Problem details -> Copy out all the lines in the records that include the word "near".
Top of Given data
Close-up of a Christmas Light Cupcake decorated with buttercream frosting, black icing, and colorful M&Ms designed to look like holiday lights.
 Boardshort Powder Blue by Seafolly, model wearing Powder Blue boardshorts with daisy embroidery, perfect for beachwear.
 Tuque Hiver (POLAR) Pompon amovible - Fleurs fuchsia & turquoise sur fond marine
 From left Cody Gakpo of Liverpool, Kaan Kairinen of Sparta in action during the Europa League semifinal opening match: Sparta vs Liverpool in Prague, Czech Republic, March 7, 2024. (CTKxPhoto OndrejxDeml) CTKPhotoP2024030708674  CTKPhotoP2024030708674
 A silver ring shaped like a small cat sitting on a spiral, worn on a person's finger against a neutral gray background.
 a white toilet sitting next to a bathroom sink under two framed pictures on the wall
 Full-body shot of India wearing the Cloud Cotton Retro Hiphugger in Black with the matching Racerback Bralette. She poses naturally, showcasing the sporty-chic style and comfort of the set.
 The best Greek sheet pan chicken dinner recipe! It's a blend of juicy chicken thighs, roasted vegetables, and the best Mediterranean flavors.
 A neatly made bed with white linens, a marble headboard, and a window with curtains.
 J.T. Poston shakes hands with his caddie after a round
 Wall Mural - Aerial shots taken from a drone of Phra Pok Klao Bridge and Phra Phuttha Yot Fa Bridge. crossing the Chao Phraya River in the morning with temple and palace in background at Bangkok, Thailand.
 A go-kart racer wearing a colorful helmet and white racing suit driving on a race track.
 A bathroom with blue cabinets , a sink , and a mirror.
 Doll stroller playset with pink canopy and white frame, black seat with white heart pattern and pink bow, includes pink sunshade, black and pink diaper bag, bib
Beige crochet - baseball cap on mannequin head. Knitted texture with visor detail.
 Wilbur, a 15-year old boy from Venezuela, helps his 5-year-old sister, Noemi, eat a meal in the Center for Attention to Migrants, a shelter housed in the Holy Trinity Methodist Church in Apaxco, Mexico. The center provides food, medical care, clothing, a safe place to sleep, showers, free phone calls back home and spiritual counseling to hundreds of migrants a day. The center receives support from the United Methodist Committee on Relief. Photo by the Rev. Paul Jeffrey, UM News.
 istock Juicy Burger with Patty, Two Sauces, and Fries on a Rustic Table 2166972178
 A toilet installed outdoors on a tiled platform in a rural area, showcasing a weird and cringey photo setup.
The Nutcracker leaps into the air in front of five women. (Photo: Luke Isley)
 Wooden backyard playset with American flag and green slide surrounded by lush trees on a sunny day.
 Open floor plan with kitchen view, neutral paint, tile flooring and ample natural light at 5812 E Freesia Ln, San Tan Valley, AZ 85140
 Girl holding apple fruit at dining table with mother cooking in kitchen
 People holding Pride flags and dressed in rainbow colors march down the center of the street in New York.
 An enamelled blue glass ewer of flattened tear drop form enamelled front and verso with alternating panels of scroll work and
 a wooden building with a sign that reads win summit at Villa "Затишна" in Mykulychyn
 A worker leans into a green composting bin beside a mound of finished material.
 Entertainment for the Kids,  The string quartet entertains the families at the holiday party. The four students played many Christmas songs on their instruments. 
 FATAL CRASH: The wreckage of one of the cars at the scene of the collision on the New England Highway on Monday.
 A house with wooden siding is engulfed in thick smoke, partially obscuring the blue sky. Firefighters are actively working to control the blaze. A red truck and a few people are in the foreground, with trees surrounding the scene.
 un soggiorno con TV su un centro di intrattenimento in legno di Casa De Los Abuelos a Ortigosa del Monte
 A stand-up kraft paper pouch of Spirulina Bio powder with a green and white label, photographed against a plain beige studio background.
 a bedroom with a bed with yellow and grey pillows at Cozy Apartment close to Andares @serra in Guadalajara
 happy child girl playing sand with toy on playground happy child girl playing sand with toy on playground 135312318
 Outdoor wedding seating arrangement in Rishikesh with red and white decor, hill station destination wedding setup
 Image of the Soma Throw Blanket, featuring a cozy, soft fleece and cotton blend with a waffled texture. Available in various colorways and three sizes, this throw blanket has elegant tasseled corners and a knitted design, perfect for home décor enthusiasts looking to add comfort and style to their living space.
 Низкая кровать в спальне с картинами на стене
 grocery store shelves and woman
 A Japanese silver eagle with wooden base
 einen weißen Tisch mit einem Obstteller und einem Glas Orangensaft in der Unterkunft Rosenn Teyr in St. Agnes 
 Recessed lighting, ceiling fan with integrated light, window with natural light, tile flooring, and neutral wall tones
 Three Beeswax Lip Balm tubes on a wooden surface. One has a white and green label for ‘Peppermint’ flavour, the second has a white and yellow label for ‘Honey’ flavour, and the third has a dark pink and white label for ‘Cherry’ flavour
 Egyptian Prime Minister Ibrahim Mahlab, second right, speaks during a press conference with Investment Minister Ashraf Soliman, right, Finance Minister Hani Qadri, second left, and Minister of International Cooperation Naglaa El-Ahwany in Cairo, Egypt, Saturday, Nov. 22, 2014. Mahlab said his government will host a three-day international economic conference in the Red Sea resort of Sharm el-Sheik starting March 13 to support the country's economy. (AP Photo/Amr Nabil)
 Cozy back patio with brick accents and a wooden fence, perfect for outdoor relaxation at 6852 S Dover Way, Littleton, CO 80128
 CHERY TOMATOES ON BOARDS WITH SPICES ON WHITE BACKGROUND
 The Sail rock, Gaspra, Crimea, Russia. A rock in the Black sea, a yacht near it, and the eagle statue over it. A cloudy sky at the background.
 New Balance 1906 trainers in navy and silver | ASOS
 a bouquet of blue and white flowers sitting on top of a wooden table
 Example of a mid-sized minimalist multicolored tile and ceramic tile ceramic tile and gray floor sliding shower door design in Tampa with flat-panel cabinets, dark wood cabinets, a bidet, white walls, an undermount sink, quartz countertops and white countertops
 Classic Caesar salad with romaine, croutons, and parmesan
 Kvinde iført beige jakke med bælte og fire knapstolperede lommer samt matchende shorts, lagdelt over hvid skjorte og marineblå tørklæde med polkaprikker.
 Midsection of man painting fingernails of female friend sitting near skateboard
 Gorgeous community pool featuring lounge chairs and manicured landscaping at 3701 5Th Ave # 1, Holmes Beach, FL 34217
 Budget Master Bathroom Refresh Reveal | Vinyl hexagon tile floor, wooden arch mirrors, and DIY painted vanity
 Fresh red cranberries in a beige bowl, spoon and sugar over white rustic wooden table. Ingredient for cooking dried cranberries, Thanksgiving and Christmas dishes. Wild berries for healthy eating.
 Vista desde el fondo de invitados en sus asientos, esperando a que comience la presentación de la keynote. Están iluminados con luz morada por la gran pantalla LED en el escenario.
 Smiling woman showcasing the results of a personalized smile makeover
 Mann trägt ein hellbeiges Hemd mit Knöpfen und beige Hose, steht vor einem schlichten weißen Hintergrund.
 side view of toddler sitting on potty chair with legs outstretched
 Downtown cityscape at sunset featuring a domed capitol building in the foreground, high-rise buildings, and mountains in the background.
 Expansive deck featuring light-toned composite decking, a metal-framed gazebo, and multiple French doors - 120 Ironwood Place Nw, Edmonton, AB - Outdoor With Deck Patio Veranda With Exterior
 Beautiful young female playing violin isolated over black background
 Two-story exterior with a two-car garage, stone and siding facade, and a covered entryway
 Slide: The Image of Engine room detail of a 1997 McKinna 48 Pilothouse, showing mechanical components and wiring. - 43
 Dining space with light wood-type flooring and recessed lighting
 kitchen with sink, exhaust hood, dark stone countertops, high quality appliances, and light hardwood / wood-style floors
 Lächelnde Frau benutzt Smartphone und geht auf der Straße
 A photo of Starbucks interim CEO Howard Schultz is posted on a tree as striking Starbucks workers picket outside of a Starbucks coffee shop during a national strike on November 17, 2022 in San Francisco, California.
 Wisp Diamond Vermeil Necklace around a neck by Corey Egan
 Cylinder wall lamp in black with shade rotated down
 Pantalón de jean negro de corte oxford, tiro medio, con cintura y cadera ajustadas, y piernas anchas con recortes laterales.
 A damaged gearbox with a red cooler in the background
Bottom of Given data
Response to the task ->
 The Sail rock, Gaspra, Crimea, Russia. A rock in the Black sea, a yacht near it, and the eagle statue over it. A cloudy sky at the background.
 Midsection of man painting fingernails of female friend sitting near skateboard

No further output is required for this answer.